Beliefnet
Feiler Faster

The obituary of God is being written on the bestseller lists these days, as we all know. But now the latest chapter in the Death of God sweepstakes seems to be written … in synagogue! The Reform movement has written its new prayerbook in a way that says belief in God is not a condition. Fascinating.

Traditional touches coexist with a text that sometimes departs from tradition by omitting or modifying some prayers and by using language that is gender-neutral. References to God as “He” have been removed, and whenever Jewish patriarchs are named — like Abraham, Isaac and Jacob, so are the matriarchs — like Sarah, Rebecca, Rachel and Leah. The prayer book took more than 20 years to develop and was tested in about 300 congregations. Its release has been delayed for a year because the initial printed product was shoddy, said people involved with the project. But the book is expected to be released in about a month — too late, however, for the High Holy Days, which begin Sept. 13.

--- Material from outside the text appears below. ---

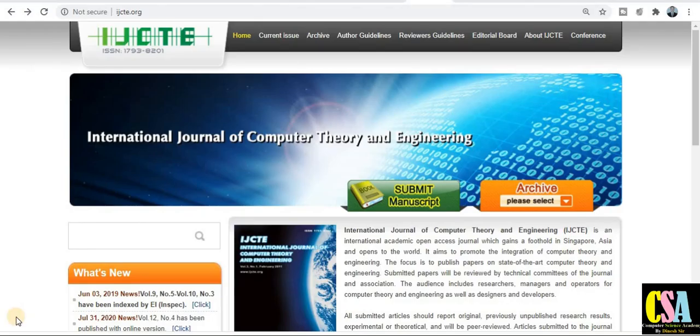Hello friends, welcome! This is a very special video where we will discuss UGC approved journals for all disciplines. We will also describe in deep detail how to publish a paper and what the structure of a paper in UGC approved journals looks like.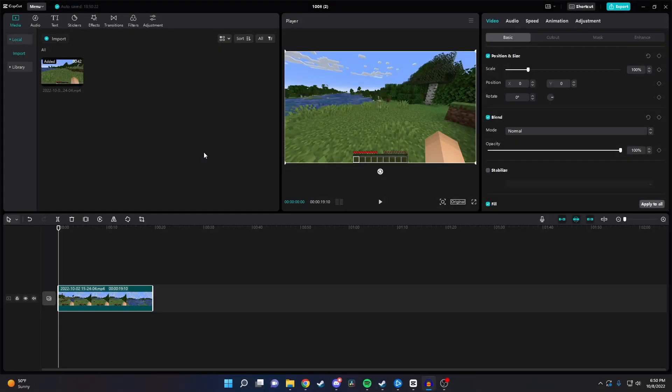Hey guys, in today's video I just want to quickly go over how you zoom in and out on the PC version of CapCut.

“It reflects a recognition of diversity within our community,” said Rabbi Elyse D. Frishman, the editor of the prayer book. “We have interfaith families. We have so many visitors at b’nai mitzvah ceremonies that I could have a service on Shabbat morning where a majority of people there aren’t Jewish,” she said, referring to bar and bat mitzvah ceremonies on Saturday mornings.
“There are even those in my community who come to Shabbat worship each week who don’t believe in God,” said Rabbi Frishman, who leads the Barnert Temple in Franklin Lakes, N.J. “How do we help them resonate with the language of prayer, which is very God-centric and evokes a personal God, a God that talks to you in a sense? There are many, many Jews who do not believe in God that way.”